Ele apenas move o rosto na sua direção e então se levanta, fica em pé, no mesmo lugar onde estava sentado, há pouco. Li está quase tão chocado com o que está vendo quanto Hisashi. Mas a diferença, é que Li já deveria estar acostumado a coisas assim, no entanto, ver Saiyame se comportar de uma maneira tão pouco humana é a pior forma de concretizar as suspeitas que chegou mesmo a comentar com Hisashi, um dia. É afinal, tudo muito pior do que a mais terrível de suas suspeitas.
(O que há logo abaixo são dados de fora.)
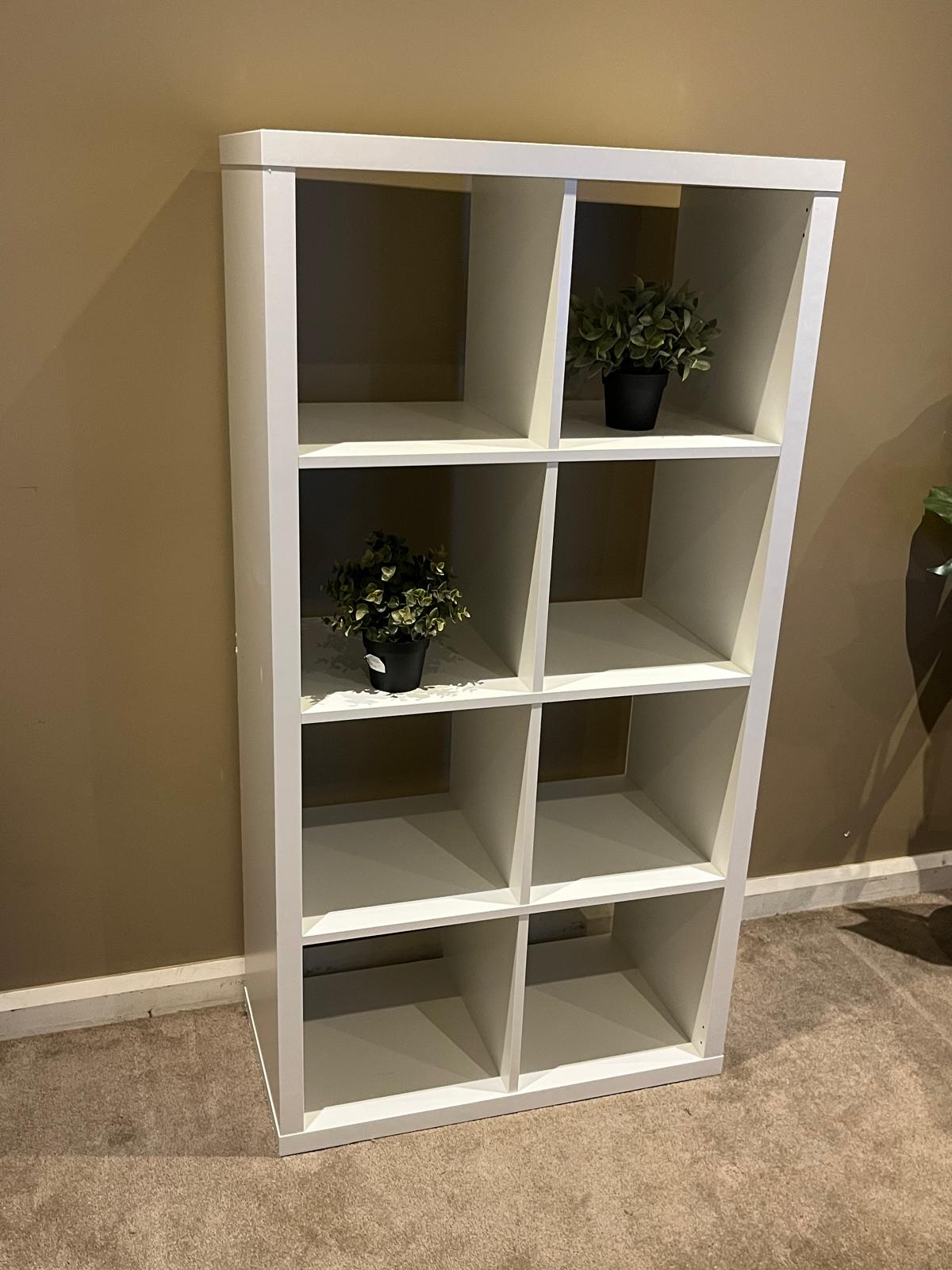 8-Cube White Storage Shelf – Versatile & Minimalist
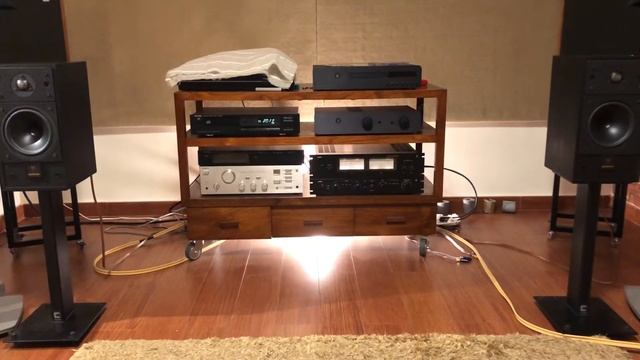 Philips Black Tulip (Pre/Amp) + Celestion SL6Si + Rotel RCD 855 смотреть онлайн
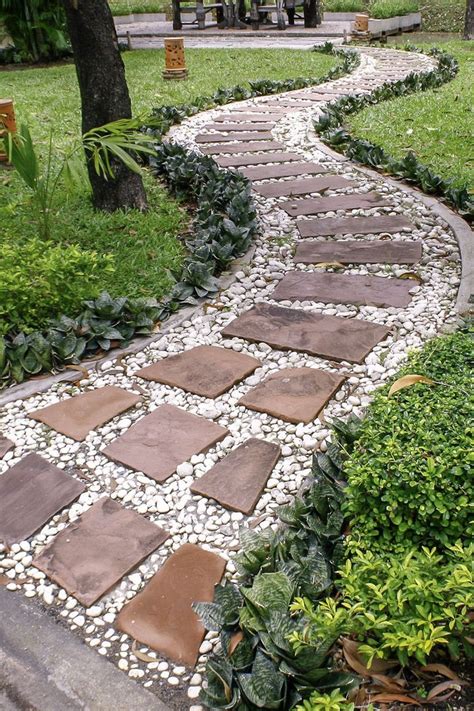35 Nice Garden Stepping Stone Design Ideas | Diy garden path, Stone ...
"Eriol virá?" – Li não sabe porque pergunta isso. Os olhos escuros de Touya parecem brilhar, na penumbra amarela do salão. Frost está a seu lado, porém também está em pé. Curiosamente, ele mantém uma postura parecida com a de Saiyame. – "Quem é o menino que está com você?"

"Diga-me você. Não sei se Eriol virá. Ele nunca pareceu o tipo mais afeito a encerrar as cartas novamente num livro. Mas eu soube que ele esteve este último ano inteiro refazendo o que sobrou do livro de Sakura."

"..." – Hisashi aproxima-se de Li e toca-lhe o braço, tentando falar-lhe. Li olha para ele com desafio, diretamente nos olhos, e Hisashi então se sente atravessado por este olhar. – "Você já o viu uma vez, Hisashi. Reconhece-o?"

"..." – Faz que sim brevemente com a cabeça.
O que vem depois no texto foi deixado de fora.